-- Task input follows --

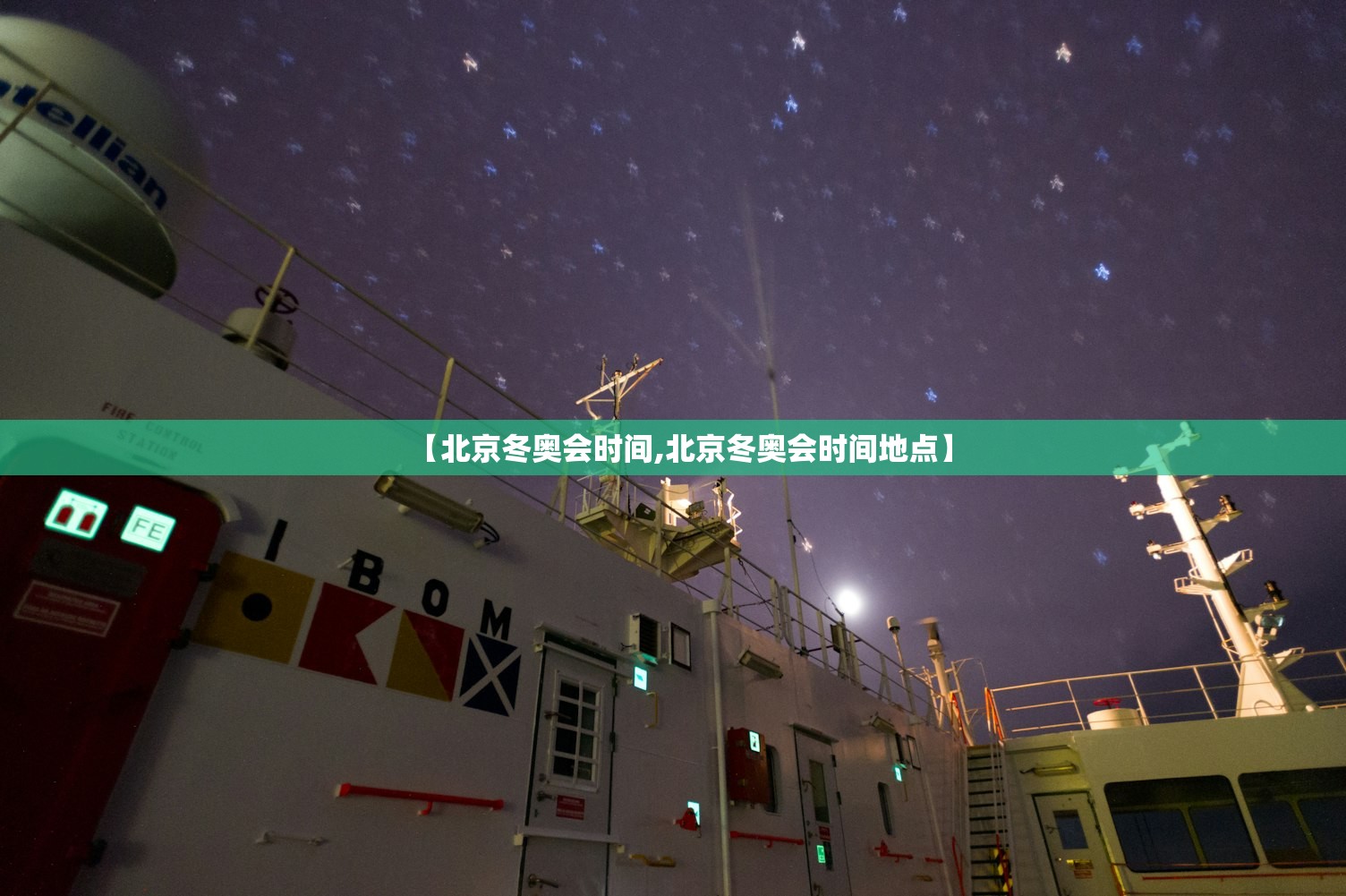 【北京冬奥会时间,北京冬奥会时间地点】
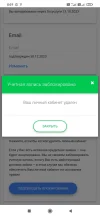 Screenshot_2024-05-23-08-49-39-877_com.android.chrome.webp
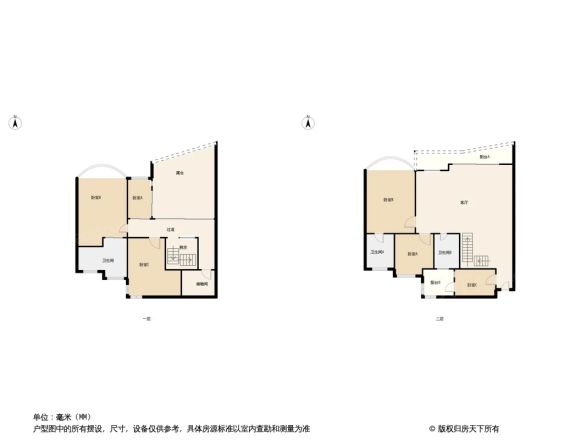 珠江帝景苑赏湖轩户型图
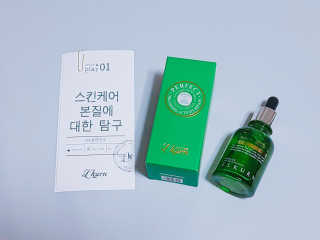옌니님이 올린 리뷰 사진 1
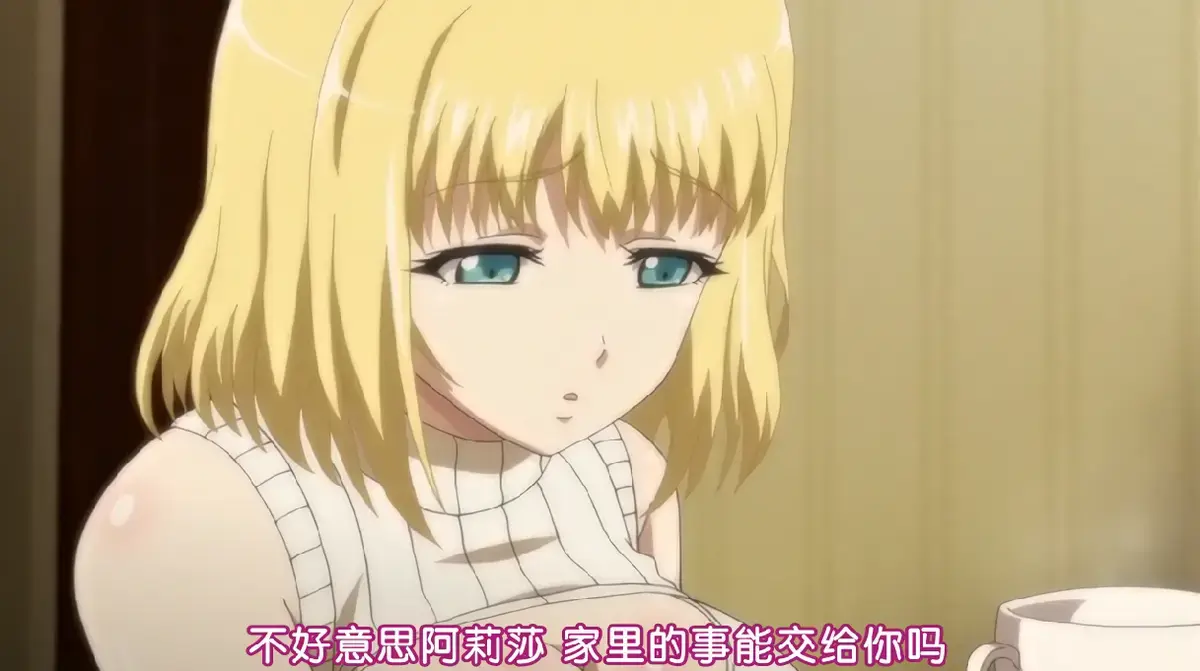 嫁到乡下的俄罗斯女孩全集免费在线观看 - 高清无删减版完整版 - 反差感拉满的跨国乡村纯爱番剧 - 樱花动漫网VS影院播放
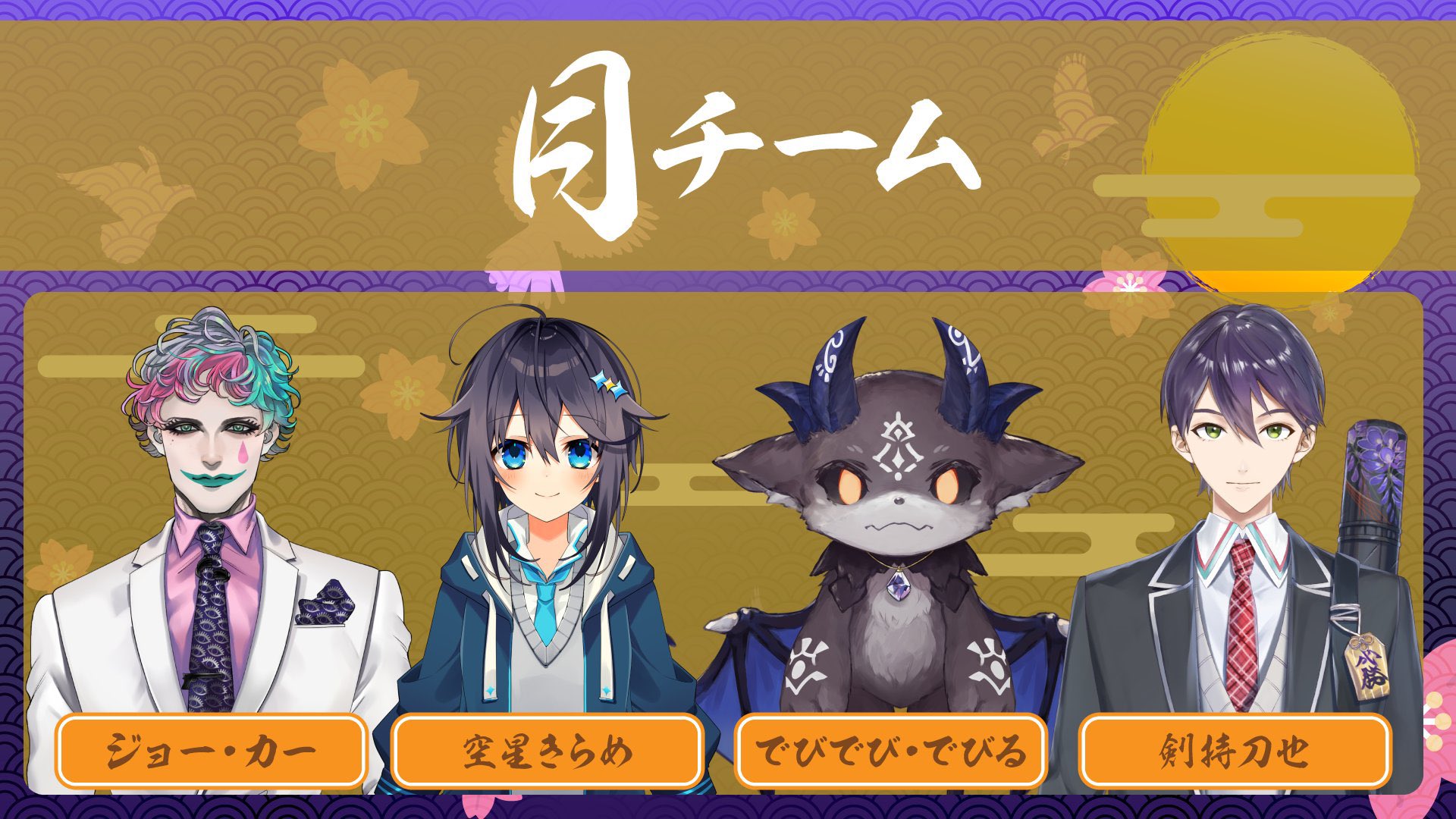 5 22ににじさんじのチーム対抗麻雀大会 にじさんじ花鳥風月戦 が開催されます 僕のチームは力一さん率いる ムーンウォーカーズ ネタバレですが優勝します 基本大将4人の実況でお送りするこの大会ですが 5 22ににじさんじのチーム対抗麻雀大会 にじさんじ花鳥風月戦 が開催されます 僕のチームは力一さん率いる ムーンウォーカーズ ネタバレですが優勝します 基本大将4人の実況でお送りするこの大会ですが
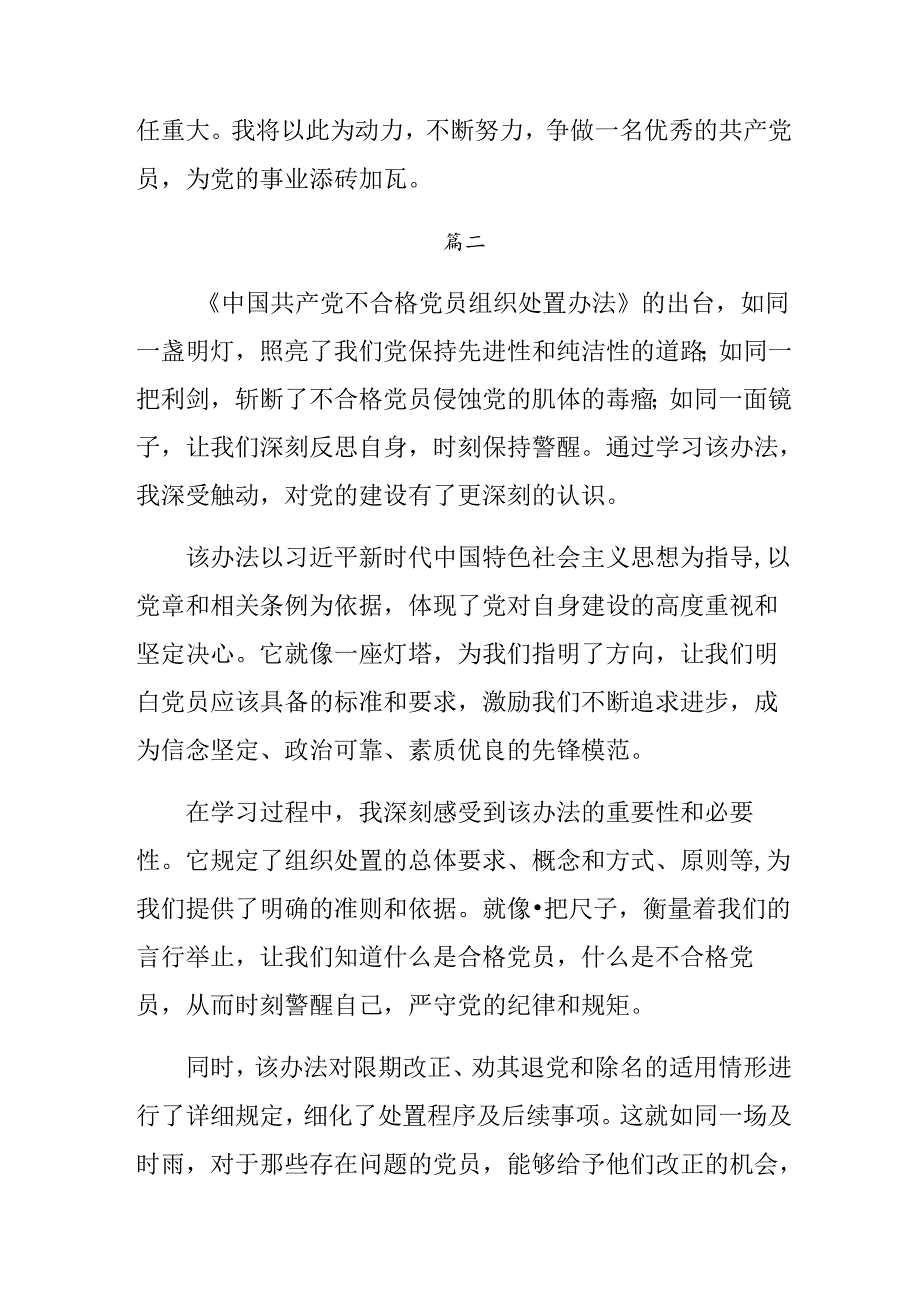 8篇汇编深入学习2024年不合格党员组织处置办法的发言材料.docx_第3页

-- Task input concluded --

**The problem**
Please retype the records above exactly, excluding every picture.

**Finished task**
 【北京冬奥会时间,北京冬奥会时间地点】
 Screenshot_2024-05-23-08-49-39-877_com.android.chrome.webp
 珠江帝景苑赏湖轩户型图
옌니님이 올린 리뷰 사진 1
 嫁到乡下的俄罗斯女孩全集免费在线观看 - 高清无删减版完整版 - 反差感拉满的跨国乡村纯爱番剧 - 樱花动漫网VS影院播放
 5 22ににじさんじのチーム対抗麻雀大会 にじさんじ花鳥風月戦 が開催されます 僕のチームは力一さん率いる ムーンウォーカーズ ネタバレですが優勝します 基本大将4人の実況でお送りするこの大会ですが 5 22ににじさんじのチーム対抗麻雀大会 にじさんじ花鳥風月戦 が開催されます 僕のチームは力一さん率いる ムーンウォーカーズ ネタバレですが優勝します 基本大将4人の実況でお送りするこの大会ですが
 8篇汇编深入学习2024年不合格党员组织处置办法的发言材料.docx_第3页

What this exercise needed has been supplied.